Your answer must hold only the lines below from the line containing "В Кировском внутригородском" through the line containing "2/1 Jerdanefield Road, St Lucia QLD 4067", each reproduced exactly.

.....

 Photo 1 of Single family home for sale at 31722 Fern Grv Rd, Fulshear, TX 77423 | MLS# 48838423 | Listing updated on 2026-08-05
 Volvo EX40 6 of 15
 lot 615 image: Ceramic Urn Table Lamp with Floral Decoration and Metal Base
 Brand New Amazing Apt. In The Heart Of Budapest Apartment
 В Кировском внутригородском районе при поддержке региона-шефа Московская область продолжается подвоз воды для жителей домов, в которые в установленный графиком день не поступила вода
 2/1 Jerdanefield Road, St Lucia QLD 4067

.....

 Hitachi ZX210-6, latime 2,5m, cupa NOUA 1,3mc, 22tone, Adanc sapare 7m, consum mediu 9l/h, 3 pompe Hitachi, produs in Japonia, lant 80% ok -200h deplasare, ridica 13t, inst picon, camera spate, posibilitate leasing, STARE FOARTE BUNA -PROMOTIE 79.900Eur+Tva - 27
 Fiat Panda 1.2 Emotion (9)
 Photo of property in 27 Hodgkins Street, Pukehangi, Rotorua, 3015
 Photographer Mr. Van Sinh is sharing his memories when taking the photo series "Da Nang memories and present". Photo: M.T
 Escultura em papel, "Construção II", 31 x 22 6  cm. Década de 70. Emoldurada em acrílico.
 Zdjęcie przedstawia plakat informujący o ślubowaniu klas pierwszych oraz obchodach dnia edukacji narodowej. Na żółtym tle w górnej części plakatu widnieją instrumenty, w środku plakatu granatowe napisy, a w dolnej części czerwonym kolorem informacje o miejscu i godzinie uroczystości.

.....

RESULT FOR THIS TASK:
 В Кировском внутригородском районе при поддержке региона-шефа Московская область продолжается подвоз воды для жителей домов, в которые в установленный графиком день не поступила вода
 2/1 Jerdanefield Road, St Lucia QLD 4067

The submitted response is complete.